◆ **Your objective**: Give back the whole listing word for word and skip each picture.

---------------

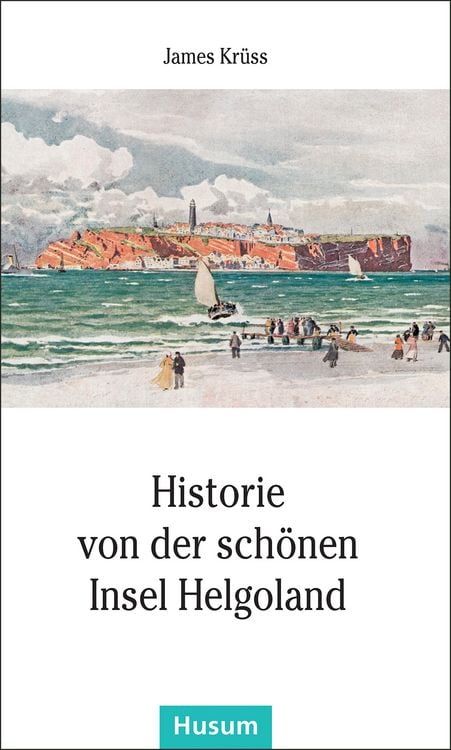 Produktbild: Historie von der sch&ouml;nen Insel Helgoland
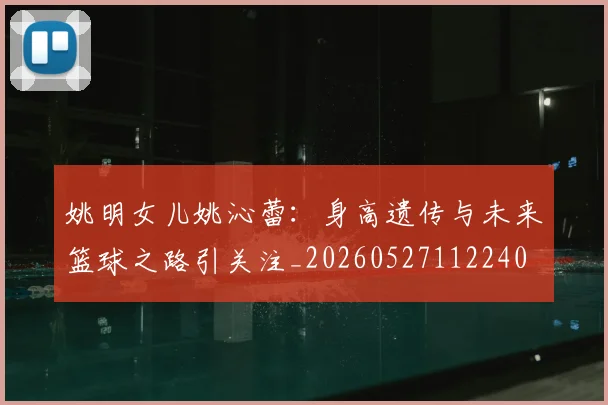 姚明女儿姚沁蕾:身高遗传与未来篮球之路引关注_20260527112240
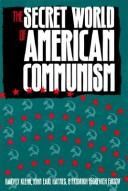 Cover of: The secret world of American communism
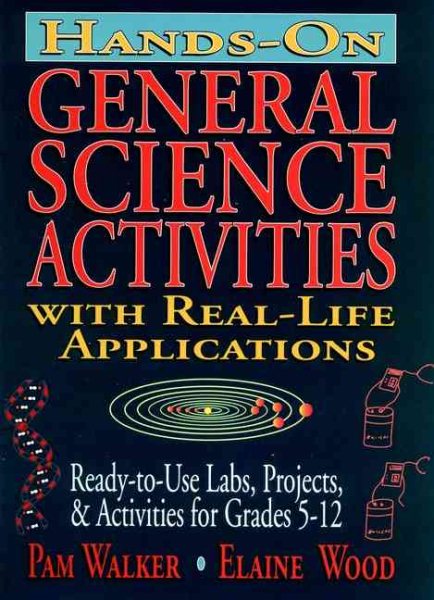 Hands-On General Science Activities with Real-Life Applications: Ready-to-Use Labs, Projects, & Activities for Grades 5-12 (J-B Ed: Hands On) cover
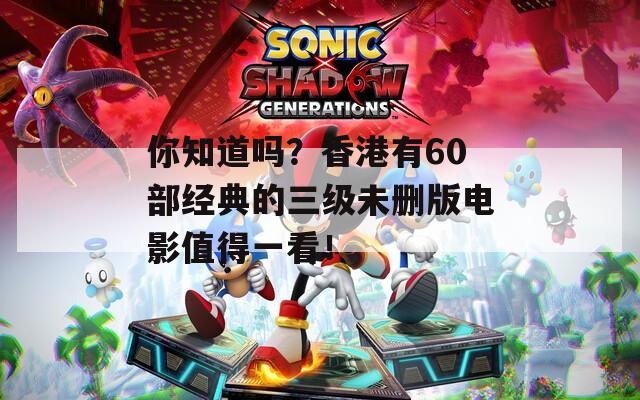 你知道嗎？香港有60部經(jīng)典的三級(jí)未刪版電影值得一看！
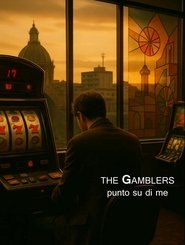 The Gamblers punto su di me movie poster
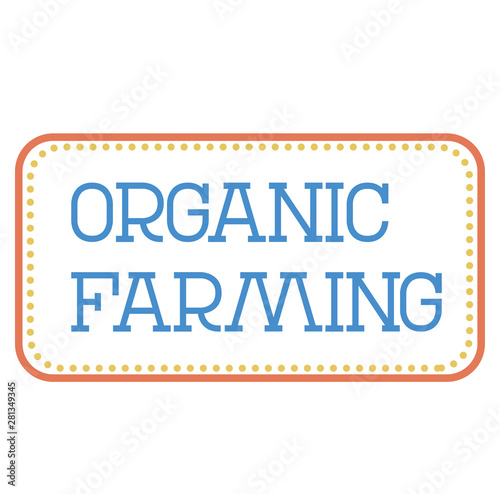 ORGANIC FARMING stamp on white background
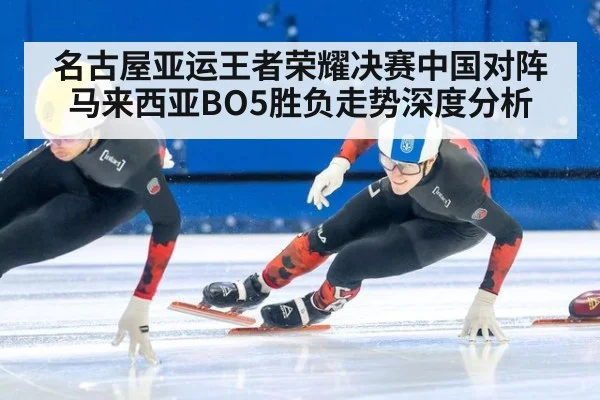 名古屋亚运王者荣耀决赛中国对阵马来西亚BO5胜负走势深度分析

---------------

◆ **Problem solution**:
 Produktbild: Historie von der sch&ouml;nen Insel Helgoland
 姚明女儿姚沁蕾:身高遗传与未来篮球之路引关注_20260527112240
 Cover of: The secret world of American communism
 Hands-On General Science Activities with Real-Life Applications: Ready-to-Use Labs, Projects, & Activities for Grades 5-12 (J-B Ed: Hands On) cover
 你知道嗎？香港有60部經(jīng)典的三級(jí)未刪版電影值得一看！
 The Gamblers punto su di me movie poster
 ORGANIC FARMING stamp on white background
 名古屋亚运王者荣耀决赛中国对阵马来西亚BO5胜负走势深度分析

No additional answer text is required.